Alright, now let’s actually try a build. In case you are wondering, this sets the target architecture to arm, which is the proper one for the Nexus 5 and most android phones. It sets the prefix for the cross compile toolchain. This is just the text prefix that will be used in front of things like gcc. In other words, all the toolchain tools will be invoked with something like arm-eabi-gcc. Then, we load up a the pre-existing kernel build configuration for the hammerhead, which loads the configuration file into a .config file in the current directory. Finally, we make, actually building the kernel, and then…

Code:
cd msm
export ARCH=arm
export CROSS_COMPILE=arm-eabi
make hammerhead_defconfig
make

You will probably have a sad face. You probably got something about elf.h missing:

Code:
... elf.h was not found ...

Off the Rails
Suddenly, OSX doesn’t seem like such a great choice! I almost capitulated after trying some advice on StackOverflow and other forums and not having success.

But there is a way! First, let’s get a nice package managed libelf. Get homebrew if you don’t have it already:

Code:
brew install libelf

Now, we have elf. I thought that this may have been as easy as just symlinking the gelf.h file from the brew libelf to /usr/local/include/elf.h, but not so fast. As I learned here, there are a whole bunch of architecture declarations missing in libelf that we need to compile… the android kernel? I’m not actually 100% sure why these are needed, would appreciate any kernel hackers who could explain why.
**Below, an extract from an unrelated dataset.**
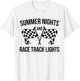 Summer Nights and Race Track Lights (racing shirt) T-Shirt - T-Shirt | White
Anyway, we can leave the “why” for later, but the “how” is that we need a shim file that includes the gelf.h file from libelf and adds the extra declarations. Now this might also not be the most UNIX-y way to do this, so let me know if there is a better way.

Code:
cat <<EOT >> /usr/local/include/elf.h
#include "../opt/libelf/include/libelf/gelf.h"
#define R_386_NONE 0
#define R_386_32 1
#define R_386_PC32 2
#define R_ARM_NONE 0
#define R_ARM_PC24 1
#define R_ARM_ABS32 2
#define R_MIPS_NONE 0
#define R_MIPS_16 1
#define R_MIPS_32 2
#define R_MIPS_REL32 3
#define R_MIPS_26 4
#define R_MIPS_HI16 5
#define R_MIPS_LO16 6
#define R_IA64_IMM64 0x23 /* symbol + addend, mov imm64 */
#define R_PPC_ADDR32 1 /* 32bit absolute address */
#define R_PPC64_ADDR64 38 /* doubleword64 S + A */
#define R_SH_DIR32 1
#define R_SPARC_64 32 /* Direct 64 bit */
#define R_X86_64_64 1 /* Direct 64 bit */
#define R_390_32 4 /* Direct 32 bit. */
#define R_390_64 22 /* Direct 64 bit. */
#define R_MIPS_64 18
EOT

Fantastic. Now in theory, your build should probably work for certain kernel versions and phones. So give it a shot! I include the ARCH and CROSS_COMPILE values here in case you didn’t export them as variables already, feel free to omit them if already defined. The -j8 just parallelizes your build over more cores for better performance, I have 8 virtual cores, use somewhere between 1–2 times the number of cores your have.

Code:
make -j8 ARCH=arm CROSS_COMPILE=arm-eabi-

If you happen to be using a Nexus 5, on the current kernel *-mr2 and have an up to date perl, you may have an error with timeconst.pl. It appears to be a linux kernel bug that is fixed in later version of the kernel. Here is a simple patch to fix that:

Code:
diff --git a/kernel/timeconst.pl b/kernel/timeconst.pl
index eb51d76..0461239 100644
--- a/kernel/timeconst.pl
+++ b/kernel/timeconst.pl
@@ -370,7 +370,7 @@ if ($hz eq '--can') {
}
@val = @{$canned_values{$hz}};
-       if (!defined(@val)) {
+       if (!@val) {
@val = compute_values($hz);
}
output($hz, @val);

Alright, try to build again and you should have a successful build!

And then… Silence
Right, so now how do you actually get this on your phone? It has produced a bunch of files. These cannot be flashed to your phone. We need a full boot.img file that has the proper structure and incantations of the kernel and the initial ramdisk.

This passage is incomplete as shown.